Now that something of a calm had returned, Charlize spoke up from quietly scrutinising all of their outfits. "If we're poor, then why are you still wearing jewellery?" She asked Adilia innocently.

"I'm not…" Adilia replied but then she looked down at the diving neckline of her dress and saw the jade tooth hanging there. "This isn't… A merchant gave this to me when we first came here. It isn't worth anything."

"You're still wearing it though." Charlize said. "Three weeks later."

"Well, I like it. The green matches my eyes." Adilia covered it with her hand a little too defensively.

"A merchant?" Rona asked, sounding as skeptical as her raised eyebrow.

"Yes, the Khajiit at the gates." Adilia groaned and they let it go. Then she was drawn to the way Charlize got lost so quickly in the books she'd valued over bread. "Charlie, in all these books you read about princes and princesses, is that it?" She asked, missing definite movement on the mountainside her window looked out on.

"What do you mean?" The young reader looked up at her with her head cocked. "Sure, there are donkeys and fairies and other–"

Adilia stopped her before she could list every fairytale animal in existence. "I mean do they ever focus on anything else? Like the workers or the farmhands or… Like the bodyguards. What about the people whose life revolves around making sure their charge is safe? Surely there's some chance for… development there. More than with the prince they've never met."

Braden dropped the book he'd picked up again and was so flustered he took several moments to get a grip on it again. Charlize was alarmed until she saw it was a book she no longer cared about and she shrugged at Adilia.

"Well, no. They're dull. They never say anything…"

Adilia was considering this when Rona finally placed the book Braden was attempting to retrieve on a shelf, a little concerned by how long it was taking.

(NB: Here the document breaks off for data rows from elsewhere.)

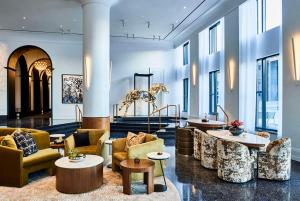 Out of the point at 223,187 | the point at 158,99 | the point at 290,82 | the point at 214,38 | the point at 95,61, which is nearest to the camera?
the point at 223,187

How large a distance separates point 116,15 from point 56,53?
5865mm

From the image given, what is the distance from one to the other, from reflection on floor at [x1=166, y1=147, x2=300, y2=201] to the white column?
4.29 m

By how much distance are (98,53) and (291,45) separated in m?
6.24

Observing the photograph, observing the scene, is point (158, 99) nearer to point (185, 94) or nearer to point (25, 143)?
point (185, 94)

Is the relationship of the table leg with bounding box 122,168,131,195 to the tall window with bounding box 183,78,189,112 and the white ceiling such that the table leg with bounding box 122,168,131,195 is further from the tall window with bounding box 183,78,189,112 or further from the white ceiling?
the tall window with bounding box 183,78,189,112

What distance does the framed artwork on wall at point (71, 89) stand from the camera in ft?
50.9

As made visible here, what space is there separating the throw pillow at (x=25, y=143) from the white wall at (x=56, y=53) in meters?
10.1

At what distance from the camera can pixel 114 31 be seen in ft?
47.6

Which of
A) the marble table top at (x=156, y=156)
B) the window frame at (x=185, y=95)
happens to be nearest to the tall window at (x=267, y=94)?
the marble table top at (x=156, y=156)

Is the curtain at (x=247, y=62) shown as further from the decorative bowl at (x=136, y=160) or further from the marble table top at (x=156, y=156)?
the decorative bowl at (x=136, y=160)

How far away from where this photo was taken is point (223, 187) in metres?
4.82

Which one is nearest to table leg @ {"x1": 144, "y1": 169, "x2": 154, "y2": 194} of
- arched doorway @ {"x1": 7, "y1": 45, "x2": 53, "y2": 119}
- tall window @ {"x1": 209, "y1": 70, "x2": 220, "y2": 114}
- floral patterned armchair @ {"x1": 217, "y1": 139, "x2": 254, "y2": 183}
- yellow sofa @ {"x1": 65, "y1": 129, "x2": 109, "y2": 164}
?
floral patterned armchair @ {"x1": 217, "y1": 139, "x2": 254, "y2": 183}

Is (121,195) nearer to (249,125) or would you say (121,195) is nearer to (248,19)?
(249,125)

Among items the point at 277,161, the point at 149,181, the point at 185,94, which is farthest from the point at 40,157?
the point at 185,94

"I'd better go, before your parents blow another gasket at the finances." He excused himself. They all would have said goodbye but the man with messy stubble of a goatee was out of the door before they could look up.

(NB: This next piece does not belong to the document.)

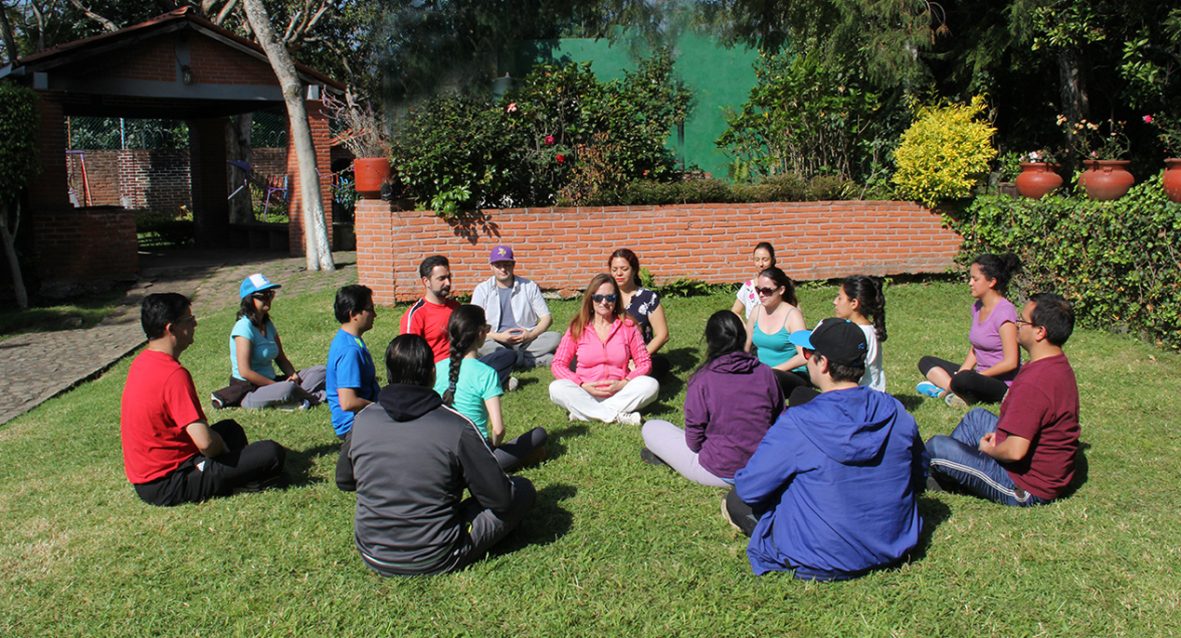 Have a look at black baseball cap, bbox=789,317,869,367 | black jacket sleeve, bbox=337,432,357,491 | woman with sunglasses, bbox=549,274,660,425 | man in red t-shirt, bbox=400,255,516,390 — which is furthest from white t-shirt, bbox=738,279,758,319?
black jacket sleeve, bbox=337,432,357,491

After an exchange of clueless looks the sisters returned to their activities. At least, two of them did. Adilia looked at the window and immediately came away from it. The rain had stopped.


	6. Chapter 6: Speaking With a Savage

Haarfingar wasn't nearly as wet as the hold below it so Adilia was able to resume her daily rides for weeks on end. With regards to her little sister's words she tried to get Jorran to talk more. Her degree of success was subjective, the calls of questions about the state of the damp underbrush often got ignored, but one time she was certain that Jorran got so sick of it that the wet leaves that hit her face came from him.

Other questions came with more of a victory. As her tactics of waiting around tight corners and pulling Nipper in sudden 180 degree turns became incredibly noticeable to simple passers-by, he began to walk closer and clearly be in earshot.

"Wouldn't you prefer we swapped places for once?" She asked while taking an intentionally long and mountainous ride. On the third repetition he responded.

"I'm afraid a fine lady would find that the roots don't move out of her path before she falls into a ditch."

She was silently acknowledging his point before she recognised his tone. "O-ho," she grinned, "the savage knows sarcasm?"

In the brief moments his face became visible in the gaps between the trees she found he was smirking at her amusement. "It's used too much in my village."

"Who uses it?" She asked, heart leaping. The most enthusiastic user of sarcasm she knew was her brother.

"Kale." Jorran responded quietly and her heart sank in every way it could.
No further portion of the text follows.